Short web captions

_ _ _ _ _

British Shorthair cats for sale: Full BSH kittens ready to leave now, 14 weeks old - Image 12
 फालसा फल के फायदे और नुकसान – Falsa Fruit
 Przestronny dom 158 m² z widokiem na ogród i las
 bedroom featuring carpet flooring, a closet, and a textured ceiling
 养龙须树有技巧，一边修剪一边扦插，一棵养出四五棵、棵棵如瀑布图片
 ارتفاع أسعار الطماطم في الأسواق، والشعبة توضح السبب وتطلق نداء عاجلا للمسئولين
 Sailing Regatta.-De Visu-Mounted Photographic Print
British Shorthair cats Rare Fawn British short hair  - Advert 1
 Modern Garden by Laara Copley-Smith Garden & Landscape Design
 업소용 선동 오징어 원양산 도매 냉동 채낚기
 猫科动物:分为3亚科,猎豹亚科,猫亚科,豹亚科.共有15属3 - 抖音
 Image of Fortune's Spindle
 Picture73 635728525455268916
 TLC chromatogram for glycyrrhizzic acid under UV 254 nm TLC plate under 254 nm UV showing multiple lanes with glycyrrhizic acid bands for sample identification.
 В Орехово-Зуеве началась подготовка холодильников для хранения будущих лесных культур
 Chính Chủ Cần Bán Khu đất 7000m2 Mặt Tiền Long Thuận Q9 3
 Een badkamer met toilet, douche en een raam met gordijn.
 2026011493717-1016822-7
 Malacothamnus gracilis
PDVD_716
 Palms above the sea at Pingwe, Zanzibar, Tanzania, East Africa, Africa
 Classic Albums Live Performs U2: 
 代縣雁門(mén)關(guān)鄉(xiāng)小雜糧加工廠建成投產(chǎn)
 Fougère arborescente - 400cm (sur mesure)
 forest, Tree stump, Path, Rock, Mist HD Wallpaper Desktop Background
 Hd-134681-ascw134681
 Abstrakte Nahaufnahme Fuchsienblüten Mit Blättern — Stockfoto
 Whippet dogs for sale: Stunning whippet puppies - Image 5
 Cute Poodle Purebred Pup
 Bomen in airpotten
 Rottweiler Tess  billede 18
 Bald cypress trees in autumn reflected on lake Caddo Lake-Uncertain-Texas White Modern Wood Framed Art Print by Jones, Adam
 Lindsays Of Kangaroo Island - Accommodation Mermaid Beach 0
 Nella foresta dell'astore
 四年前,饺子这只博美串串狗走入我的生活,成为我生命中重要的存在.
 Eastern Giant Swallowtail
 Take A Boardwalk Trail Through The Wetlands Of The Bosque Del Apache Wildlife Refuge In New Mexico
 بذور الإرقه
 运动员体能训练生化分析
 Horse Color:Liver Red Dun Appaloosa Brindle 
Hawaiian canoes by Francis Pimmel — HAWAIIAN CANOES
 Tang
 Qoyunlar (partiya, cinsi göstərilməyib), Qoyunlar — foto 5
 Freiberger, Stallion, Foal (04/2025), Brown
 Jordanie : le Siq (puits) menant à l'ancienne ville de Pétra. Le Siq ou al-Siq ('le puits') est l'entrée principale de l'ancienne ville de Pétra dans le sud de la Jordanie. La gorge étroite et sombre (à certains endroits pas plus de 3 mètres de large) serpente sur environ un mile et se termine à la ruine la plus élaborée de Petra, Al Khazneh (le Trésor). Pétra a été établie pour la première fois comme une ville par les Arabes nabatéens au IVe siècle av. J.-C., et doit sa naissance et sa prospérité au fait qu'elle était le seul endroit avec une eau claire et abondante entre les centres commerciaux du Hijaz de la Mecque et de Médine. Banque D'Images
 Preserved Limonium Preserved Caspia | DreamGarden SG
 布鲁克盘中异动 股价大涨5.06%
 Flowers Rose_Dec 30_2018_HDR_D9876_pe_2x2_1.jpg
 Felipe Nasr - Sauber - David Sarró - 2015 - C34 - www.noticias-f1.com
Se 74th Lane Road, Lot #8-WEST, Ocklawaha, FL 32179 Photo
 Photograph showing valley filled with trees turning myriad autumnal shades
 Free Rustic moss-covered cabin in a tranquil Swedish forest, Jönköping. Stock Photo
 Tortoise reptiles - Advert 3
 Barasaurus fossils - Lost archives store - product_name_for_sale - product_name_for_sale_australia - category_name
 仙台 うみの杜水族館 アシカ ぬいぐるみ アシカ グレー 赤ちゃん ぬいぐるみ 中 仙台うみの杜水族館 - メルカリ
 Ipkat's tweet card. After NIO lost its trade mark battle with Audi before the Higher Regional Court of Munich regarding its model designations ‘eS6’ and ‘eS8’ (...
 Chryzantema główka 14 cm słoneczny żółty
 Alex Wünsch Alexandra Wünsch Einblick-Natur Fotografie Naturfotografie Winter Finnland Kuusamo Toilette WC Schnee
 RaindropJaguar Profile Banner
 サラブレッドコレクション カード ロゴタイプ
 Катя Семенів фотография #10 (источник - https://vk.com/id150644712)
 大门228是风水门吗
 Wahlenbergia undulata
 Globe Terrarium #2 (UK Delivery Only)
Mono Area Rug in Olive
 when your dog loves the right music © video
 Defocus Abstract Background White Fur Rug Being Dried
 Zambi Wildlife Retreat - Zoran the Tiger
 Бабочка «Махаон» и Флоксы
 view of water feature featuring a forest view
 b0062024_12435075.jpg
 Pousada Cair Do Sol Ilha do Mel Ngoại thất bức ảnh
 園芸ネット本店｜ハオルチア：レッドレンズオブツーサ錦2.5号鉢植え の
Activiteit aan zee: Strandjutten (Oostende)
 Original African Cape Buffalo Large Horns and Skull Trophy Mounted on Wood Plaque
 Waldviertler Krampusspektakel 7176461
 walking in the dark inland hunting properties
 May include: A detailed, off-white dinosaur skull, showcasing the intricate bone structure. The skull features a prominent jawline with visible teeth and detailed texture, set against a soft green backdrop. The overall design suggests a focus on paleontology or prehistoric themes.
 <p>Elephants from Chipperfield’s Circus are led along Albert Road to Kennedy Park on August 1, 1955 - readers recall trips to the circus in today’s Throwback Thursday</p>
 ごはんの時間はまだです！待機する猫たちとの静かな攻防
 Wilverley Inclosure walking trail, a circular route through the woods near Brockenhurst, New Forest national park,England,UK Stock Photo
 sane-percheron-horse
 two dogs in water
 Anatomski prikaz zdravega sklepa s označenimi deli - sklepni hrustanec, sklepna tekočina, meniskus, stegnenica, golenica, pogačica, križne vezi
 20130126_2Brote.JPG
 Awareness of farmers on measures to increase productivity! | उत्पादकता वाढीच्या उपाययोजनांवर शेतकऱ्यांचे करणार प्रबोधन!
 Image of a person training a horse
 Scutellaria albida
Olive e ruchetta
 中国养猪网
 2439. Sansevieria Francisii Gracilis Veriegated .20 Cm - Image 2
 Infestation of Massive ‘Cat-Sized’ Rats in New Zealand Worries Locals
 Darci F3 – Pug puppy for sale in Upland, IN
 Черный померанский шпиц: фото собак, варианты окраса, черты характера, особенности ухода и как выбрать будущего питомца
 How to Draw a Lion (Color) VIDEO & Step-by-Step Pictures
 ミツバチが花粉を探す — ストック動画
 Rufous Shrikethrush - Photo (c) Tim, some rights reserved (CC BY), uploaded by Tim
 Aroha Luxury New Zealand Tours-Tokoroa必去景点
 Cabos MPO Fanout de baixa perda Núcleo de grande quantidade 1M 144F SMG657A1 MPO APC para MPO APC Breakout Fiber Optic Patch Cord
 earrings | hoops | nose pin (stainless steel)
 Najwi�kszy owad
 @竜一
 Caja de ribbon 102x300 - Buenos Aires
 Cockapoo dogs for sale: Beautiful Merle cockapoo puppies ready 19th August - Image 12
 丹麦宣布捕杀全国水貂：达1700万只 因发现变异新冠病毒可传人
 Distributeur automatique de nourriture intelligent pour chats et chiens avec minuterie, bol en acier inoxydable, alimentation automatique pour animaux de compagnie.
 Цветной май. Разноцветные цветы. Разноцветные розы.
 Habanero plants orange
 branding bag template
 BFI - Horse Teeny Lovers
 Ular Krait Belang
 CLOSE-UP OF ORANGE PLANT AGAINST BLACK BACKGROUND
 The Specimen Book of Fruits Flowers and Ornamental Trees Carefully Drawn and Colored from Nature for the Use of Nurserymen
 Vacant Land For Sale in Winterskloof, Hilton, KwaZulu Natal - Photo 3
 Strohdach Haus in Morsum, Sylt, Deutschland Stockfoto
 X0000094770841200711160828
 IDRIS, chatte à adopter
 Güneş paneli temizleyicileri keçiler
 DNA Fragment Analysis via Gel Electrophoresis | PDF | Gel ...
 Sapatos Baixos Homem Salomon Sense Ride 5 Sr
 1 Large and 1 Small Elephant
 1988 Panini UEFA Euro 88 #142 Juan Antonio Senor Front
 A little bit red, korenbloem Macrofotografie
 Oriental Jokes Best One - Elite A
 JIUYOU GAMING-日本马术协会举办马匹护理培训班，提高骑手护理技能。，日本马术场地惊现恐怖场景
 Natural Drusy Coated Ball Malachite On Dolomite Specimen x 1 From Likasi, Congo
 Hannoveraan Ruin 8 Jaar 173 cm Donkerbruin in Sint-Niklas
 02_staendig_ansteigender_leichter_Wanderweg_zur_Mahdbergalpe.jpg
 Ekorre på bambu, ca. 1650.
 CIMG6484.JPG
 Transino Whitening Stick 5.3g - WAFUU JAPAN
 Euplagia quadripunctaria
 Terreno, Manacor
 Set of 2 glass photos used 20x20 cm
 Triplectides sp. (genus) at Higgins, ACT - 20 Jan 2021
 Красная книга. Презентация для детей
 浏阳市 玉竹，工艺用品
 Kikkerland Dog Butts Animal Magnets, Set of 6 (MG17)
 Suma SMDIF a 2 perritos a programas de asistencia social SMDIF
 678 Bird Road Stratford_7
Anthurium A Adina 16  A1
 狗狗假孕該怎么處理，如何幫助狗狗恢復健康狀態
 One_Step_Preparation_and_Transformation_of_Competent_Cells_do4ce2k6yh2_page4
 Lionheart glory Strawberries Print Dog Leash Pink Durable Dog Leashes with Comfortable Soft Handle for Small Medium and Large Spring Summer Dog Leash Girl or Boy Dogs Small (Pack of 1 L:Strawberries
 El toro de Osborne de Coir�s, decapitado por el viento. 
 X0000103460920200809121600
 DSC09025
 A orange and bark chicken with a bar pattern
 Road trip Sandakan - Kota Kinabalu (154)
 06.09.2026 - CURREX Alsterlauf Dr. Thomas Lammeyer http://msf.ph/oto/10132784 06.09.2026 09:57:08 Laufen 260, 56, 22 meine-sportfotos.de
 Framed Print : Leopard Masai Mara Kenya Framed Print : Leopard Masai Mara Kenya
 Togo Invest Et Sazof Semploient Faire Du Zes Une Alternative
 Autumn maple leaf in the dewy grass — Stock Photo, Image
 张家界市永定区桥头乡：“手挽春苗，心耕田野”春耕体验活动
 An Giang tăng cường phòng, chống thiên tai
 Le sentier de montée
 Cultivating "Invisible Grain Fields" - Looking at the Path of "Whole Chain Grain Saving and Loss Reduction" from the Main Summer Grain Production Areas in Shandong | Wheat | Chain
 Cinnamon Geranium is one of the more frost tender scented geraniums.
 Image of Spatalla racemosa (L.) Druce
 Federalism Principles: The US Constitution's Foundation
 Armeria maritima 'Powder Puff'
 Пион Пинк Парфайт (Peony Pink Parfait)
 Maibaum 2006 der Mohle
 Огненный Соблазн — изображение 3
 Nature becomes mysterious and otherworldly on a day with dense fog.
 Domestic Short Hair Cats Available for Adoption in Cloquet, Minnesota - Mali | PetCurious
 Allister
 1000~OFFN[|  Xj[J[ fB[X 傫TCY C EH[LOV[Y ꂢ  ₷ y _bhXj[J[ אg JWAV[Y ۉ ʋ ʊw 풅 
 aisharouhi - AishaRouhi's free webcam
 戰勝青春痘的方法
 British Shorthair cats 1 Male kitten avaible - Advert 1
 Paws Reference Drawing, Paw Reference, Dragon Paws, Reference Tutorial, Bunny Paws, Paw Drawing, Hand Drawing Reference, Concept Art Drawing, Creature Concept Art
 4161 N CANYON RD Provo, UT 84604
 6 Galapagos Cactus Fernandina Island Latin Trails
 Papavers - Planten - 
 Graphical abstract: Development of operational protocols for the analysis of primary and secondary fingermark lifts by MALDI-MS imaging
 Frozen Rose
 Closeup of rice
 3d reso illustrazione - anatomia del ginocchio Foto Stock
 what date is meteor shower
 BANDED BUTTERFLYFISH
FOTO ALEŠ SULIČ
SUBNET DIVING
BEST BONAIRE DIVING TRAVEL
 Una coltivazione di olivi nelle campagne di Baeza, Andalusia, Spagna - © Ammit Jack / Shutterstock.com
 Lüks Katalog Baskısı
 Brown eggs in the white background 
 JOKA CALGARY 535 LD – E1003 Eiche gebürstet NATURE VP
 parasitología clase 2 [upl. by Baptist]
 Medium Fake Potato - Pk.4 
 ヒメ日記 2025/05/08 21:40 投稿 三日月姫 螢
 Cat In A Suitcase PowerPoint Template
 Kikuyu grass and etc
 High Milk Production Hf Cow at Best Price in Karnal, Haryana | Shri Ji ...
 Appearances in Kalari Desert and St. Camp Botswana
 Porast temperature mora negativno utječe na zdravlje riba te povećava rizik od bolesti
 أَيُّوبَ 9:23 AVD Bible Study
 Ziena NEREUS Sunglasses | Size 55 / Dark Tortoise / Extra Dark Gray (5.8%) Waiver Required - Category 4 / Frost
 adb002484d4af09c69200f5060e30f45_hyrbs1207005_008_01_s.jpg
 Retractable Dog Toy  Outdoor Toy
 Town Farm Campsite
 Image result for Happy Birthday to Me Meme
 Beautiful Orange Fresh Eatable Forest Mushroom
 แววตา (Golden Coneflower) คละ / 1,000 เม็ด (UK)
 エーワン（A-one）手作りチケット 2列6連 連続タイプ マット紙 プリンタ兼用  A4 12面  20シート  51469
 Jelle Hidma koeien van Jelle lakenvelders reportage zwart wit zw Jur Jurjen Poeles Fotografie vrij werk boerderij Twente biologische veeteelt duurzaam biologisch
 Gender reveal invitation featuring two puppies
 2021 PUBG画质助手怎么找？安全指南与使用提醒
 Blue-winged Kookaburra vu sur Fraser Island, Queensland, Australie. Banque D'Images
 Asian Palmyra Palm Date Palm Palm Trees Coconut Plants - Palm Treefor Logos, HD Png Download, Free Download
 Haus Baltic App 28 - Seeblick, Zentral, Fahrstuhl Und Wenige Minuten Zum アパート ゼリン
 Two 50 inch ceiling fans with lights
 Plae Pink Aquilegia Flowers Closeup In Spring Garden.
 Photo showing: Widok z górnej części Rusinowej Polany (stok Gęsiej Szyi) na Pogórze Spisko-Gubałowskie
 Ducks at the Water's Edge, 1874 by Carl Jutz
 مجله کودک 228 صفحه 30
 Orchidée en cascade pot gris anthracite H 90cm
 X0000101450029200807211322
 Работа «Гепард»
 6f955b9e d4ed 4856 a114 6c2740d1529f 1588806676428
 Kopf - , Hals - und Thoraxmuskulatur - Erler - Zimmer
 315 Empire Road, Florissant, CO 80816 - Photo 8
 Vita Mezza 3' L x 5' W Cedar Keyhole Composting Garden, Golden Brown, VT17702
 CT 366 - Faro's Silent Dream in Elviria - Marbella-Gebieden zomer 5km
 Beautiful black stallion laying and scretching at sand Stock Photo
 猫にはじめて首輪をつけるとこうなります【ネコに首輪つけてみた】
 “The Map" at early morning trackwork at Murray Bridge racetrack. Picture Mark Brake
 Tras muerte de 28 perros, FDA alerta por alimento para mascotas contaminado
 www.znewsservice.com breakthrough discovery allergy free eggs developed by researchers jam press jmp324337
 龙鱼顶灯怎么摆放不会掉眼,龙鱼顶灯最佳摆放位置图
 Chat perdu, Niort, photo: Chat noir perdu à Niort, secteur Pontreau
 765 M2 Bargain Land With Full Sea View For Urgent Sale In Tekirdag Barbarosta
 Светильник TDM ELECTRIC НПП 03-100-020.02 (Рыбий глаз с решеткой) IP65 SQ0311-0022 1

_ _ _ _ _

__Your task__
After locating the line with "How to Draw" above, return that line and every later line through the one with "Ekorre på bambu, ca. 1650.", word for word and with nothing else.

__Answer to this task__
 How to Draw a Lion (Color) VIDEO & Step-by-Step Pictures
 ミツバチが花粉を探す — ストック動画
 Rufous Shrikethrush - Photo (c) Tim, some rights reserved (CC BY), uploaded by Tim
 Aroha Luxury New Zealand Tours-Tokoroa必去景点
 Cabos MPO Fanout de baixa perda Núcleo de grande quantidade 1M 144F SMG657A1 MPO APC para MPO APC Breakout Fiber Optic Patch Cord
 earrings | hoops | nose pin (stainless steel)
 Najwi�kszy owad
 @竜一
 Caja de ribbon 102x300 - Buenos Aires
 Cockapoo dogs for sale: Beautiful Merle cockapoo puppies ready 19th August - Image 12
 丹麦宣布捕杀全国水貂：达1700万只 因发现变异新冠病毒可传人
 Distributeur automatique de nourriture intelligent pour chats et chiens avec minuterie, bol en acier inoxydable, alimentation automatique pour animaux de compagnie.
 Цветной май. Разноцветные цветы. Разноцветные розы.
 Habanero plants orange
 branding bag template
 BFI - Horse Teeny Lovers
 Ular Krait Belang
 CLOSE-UP OF ORANGE PLANT AGAINST BLACK BACKGROUND
 The Specimen Book of Fruits Flowers and Ornamental Trees Carefully Drawn and Colored from Nature for the Use of Nurserymen
 Vacant Land For Sale in Winterskloof, Hilton, KwaZulu Natal - Photo 3
 Strohdach Haus in Morsum, Sylt, Deutschland Stockfoto
 X0000094770841200711160828
 IDRIS, chatte à adopter
 Güneş paneli temizleyicileri keçiler
 DNA Fragment Analysis via Gel Electrophoresis | PDF | Gel ...
 Sapatos Baixos Homem Salomon Sense Ride 5 Sr
 1 Large and 1 Small Elephant
 1988 Panini UEFA Euro 88 #142 Juan Antonio Senor Front
 A little bit red, korenbloem Macrofotografie
 Oriental Jokes Best One - Elite A
 JIUYOU GAMING-日本马术协会举办马匹护理培训班，提高骑手护理技能。，日本马术场地惊现恐怖场景
 Natural Drusy Coated Ball Malachite On Dolomite Specimen x 1 From Likasi, Congo
 Hannoveraan Ruin 8 Jaar 173 cm Donkerbruin in Sint-Niklas
 02_staendig_ansteigender_leichter_Wanderweg_zur_Mahdbergalpe.jpg
 Ekorre på bambu, ca. 1650.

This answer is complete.